Tanta bella gente bazzica nei paraggi di Nashville (TN)...
C'è Haven Hamilton, redneck ai limiti della macchietta, che non fa politica in quanto "sostiene tutti i partiti"; fiero del Suo Tennessee tanto da farlo esclamare con furore "We're not in Texas! We're in Tennessee!", come Lady Pearl è fiera della propria confessione cattolica, la stessa di JFK, amato, rimpianto, amaramente decantato. E il figlio Buddy, mammone sottomesso, prototipo dei futuri "american idiots". Poi c'è John Triplette, white collar dei più stronzi e meschini, con un nome che è tutto un programma, capace com'è stato di metterla nel culo tre volte (a Barbara, a Tom, a Sue).
Barbara Jean, simbolo vivente del malessere e della nevrosi, perennemente sull'orlo del collasso, iconograficamente una Madonna: la sua Passione è esattamente quella degli ideali USA tramontati. E il suo moroso-manager Barnett, che farebbe qualsiasi cosa per lei, anche trattare coi peggior paraculo: verrà incastrato da Triplette. Divide la sua devozione per Barbara con un anonimo soldatino che la segue dappertutto, individuandone un faro di grazia dopo gli orrori del Vietnam. Poi c'è Del Reese, pater familias così preso a raccattare consensi e adesioni al Replacement Party da non accorgersi che sua moglie Donna se la fa col belloccio di turno, il cantante Tom Frank, falso come Giuda, sia come musicista (un finto-rocker finto-sinistrorso, in realtà "arrendevole" al country più patetico e reazionario) sia come uomo (pluri-seduttore maschilista, col broncio da "bel tenebroso" e il fallo sempre nella stessa direzione). Si è fatto anche Opal, cinica e velleitaria giornalista, sempre pronta a mettere il suo ego al centro dei suoi stucchevoli reports sul mal d'America. Anche i neri escono malissimo: Tommy Brown, il "negro piu bianco dei bianchi", penoso nei panni di un bronco-billy tirato fuori a forza dal ghetto per far vedere a tutti che il Sud non è razzista.
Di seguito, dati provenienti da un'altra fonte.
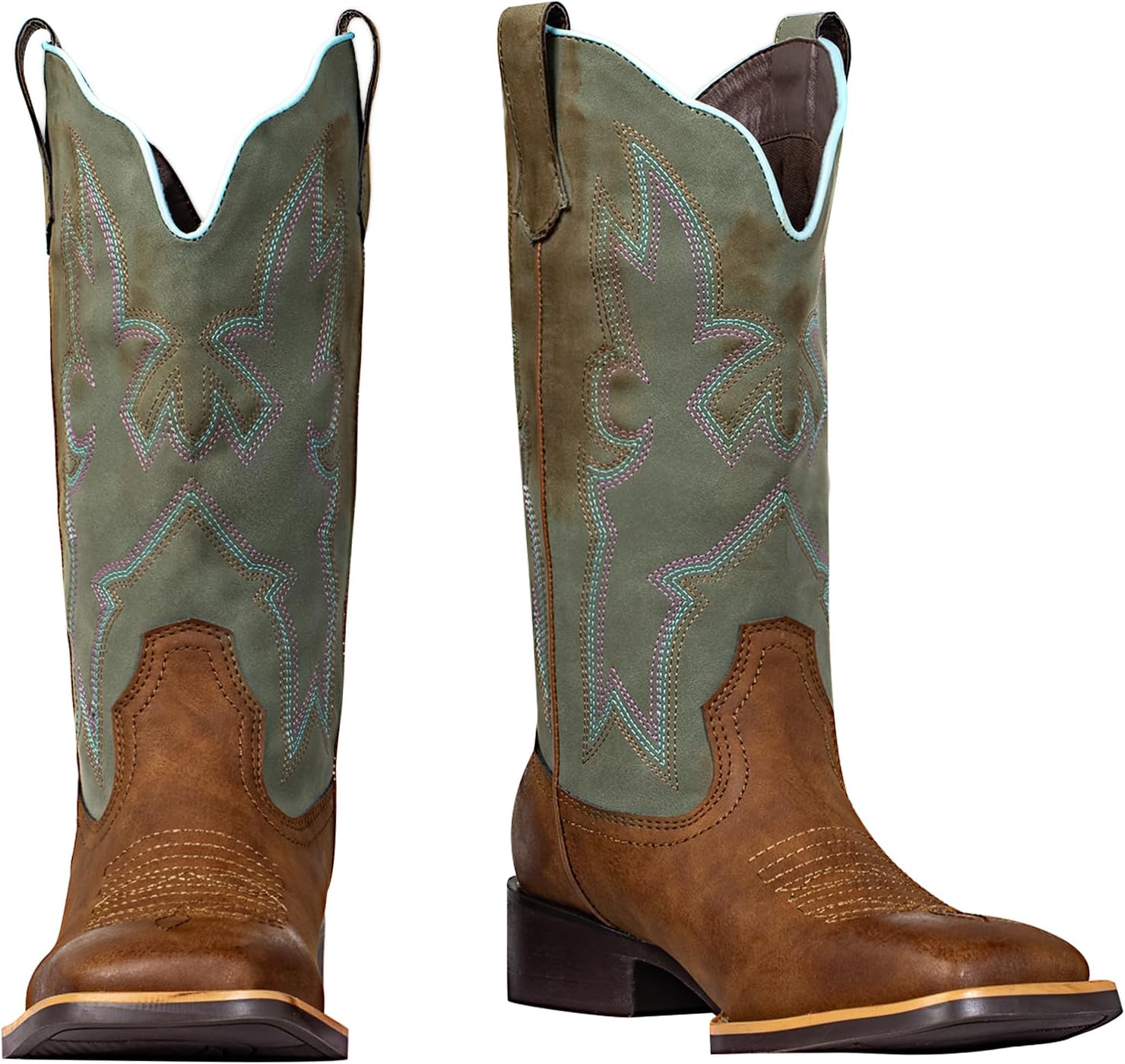 Women's Two-Tone Cowboy Cowgirl Boots - Square Toe,Wide Mid-Calf & Fashion Embroidery Western Ladies Boots for Concert Party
Su tutti e su tutto, Phillip Walker, la sua voce, le sue idee, la sua terribile visione degli States del futuro (quelli di Bush Jr).
C'è anche Elliott Gould. E c'è Connie White, che non attende altro che l'ultimo respiro di Barbara Jean. C'è poi un brav'uomo, di una certa età, con la moglie gravemente malata, l'affittuario con la custodia del violino misteriosamente sempre serrata e la nipote Martha, aspirante starlette, come tanta altra fauna roteante attorno al carrozzone del Bicentenario; come Sueleen Gay, rossa da urlo e voce da chioccia, umiliata ma felice di esibirsi al Partenone nel Grande Giorno, quello in cui l'America piomba nuovamente nell'Incubo, per poi rialzare prontamente la testa nella maniera più epica e commovente: è la buffa Albuquerque a far andare avanti lo spettacolo, a forza di stecche meravigliose; è lei che provvede a restituire, in cinque indimenticabili minuti, le emozioni trattenute dal gelido Altman per quasi tre ore di film; è grazie alla sua forza che la gente americana, le famiglie, i bambini diventano finalmente protagonisti di un film senza protagonisti e si fanno carico della sopravvivenza della Grande Nazione nei tempi a venire.
Il finale di Nashville rimane uno dei momenti artisticamente e concettualmente più alti della Settima Arte: da quella tragedia esorcizzata dalle familiari e calde note del vecchio country, da quella bionda scapigliata che nel suo numero insperato e improvvisato pare sobbarcarsi il trauma di un intero popolo, da quella folla indistinta che canta "It don't worry me" passano momenti di lucida sociologia e amara poesia.